@Dan_Lyons Dr. Harper is not the creator, she helped in clinical trial design and was a consultant. And what that means is that a pap test can come back either negative, or ‘abnormal’. Abnormal requires follow-up tests, which are frequently negative. Gardasil cuts down on false positive pap tests, and thus helps somewhat psychologically, but her contention is that screening protocols are already so good in developed countries that the vaccine itself doesn’t cut down too much on the rate.

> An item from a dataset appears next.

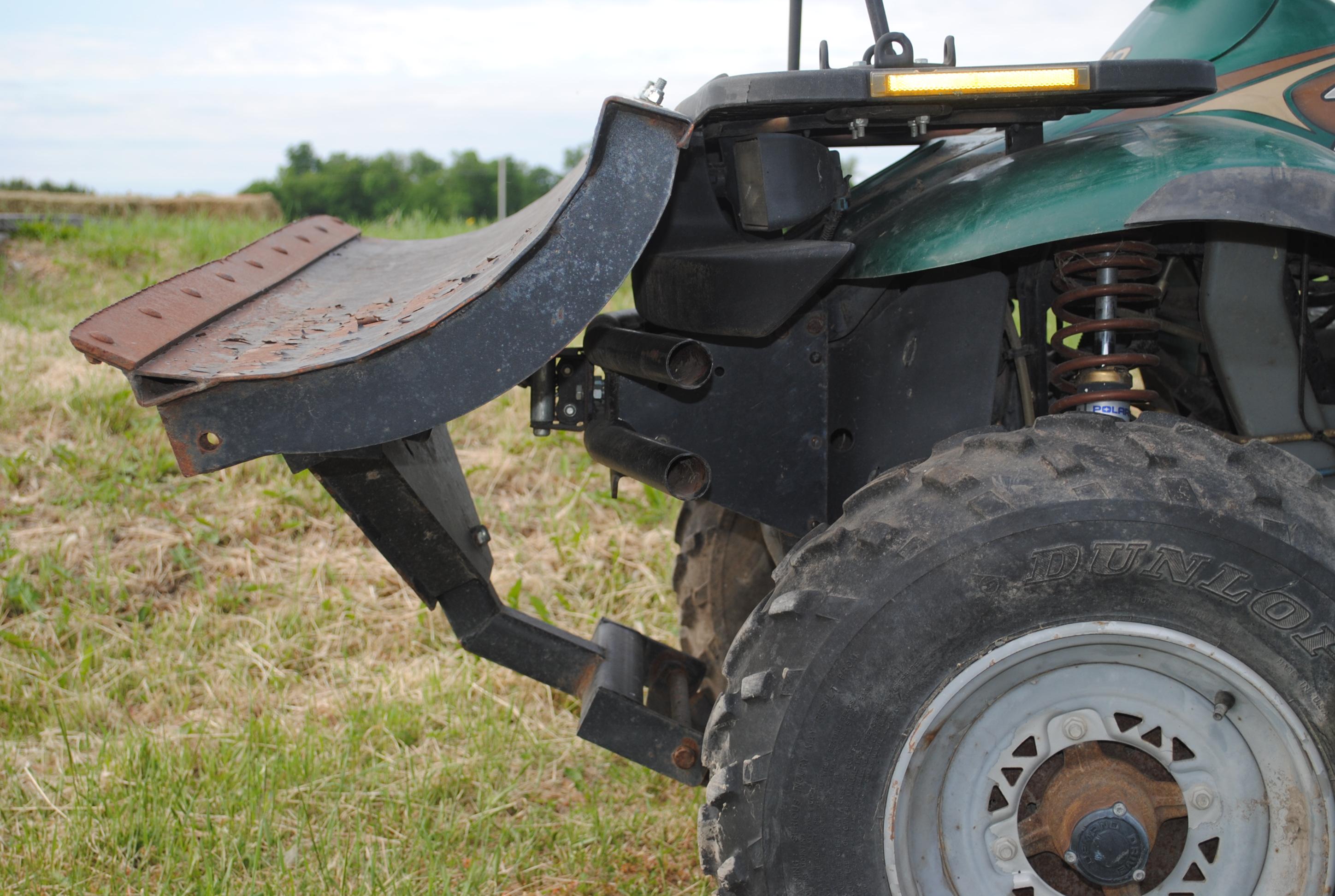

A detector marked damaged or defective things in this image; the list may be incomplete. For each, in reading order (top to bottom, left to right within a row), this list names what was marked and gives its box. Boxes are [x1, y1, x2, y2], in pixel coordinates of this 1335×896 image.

rust on metal [67, 213, 360, 371]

The original statement is from this paper (thankfully not behind a paywall)
However, to the question, no, you’re probably quite safe. Literally millions of doses have been given out and the side effects are very low, no worse than any other vaccines, which are already one of our safest interventions.

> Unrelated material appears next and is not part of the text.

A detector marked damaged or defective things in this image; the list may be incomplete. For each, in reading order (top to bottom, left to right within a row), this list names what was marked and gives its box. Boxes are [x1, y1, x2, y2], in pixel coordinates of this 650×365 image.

Some more specific stats from the CDC (since I can’t see the above link, personally): “57 million doses of HPV vaccines were distributed and VAERS received approximately 22,000 adverse event reports occurring in girls and women who received HPV vaccines; 92% were classified as “non-serious””. Which leads to the .0033% chance stated above. But you should also know that VAERS is specifically set up to be biased towards the patient: to have a claim recognized, it must only hit certain criteria in a certain time period after administration, you don’t need to prove cause and effect. Which makes sense, if you’re having an adverse reaction the last thing you need is to go through a trial. But that does mean that the reactions are, by design, over-reported via VAERS. So actually you’re looking at lower than a .0033% chance, which is pretty darn good.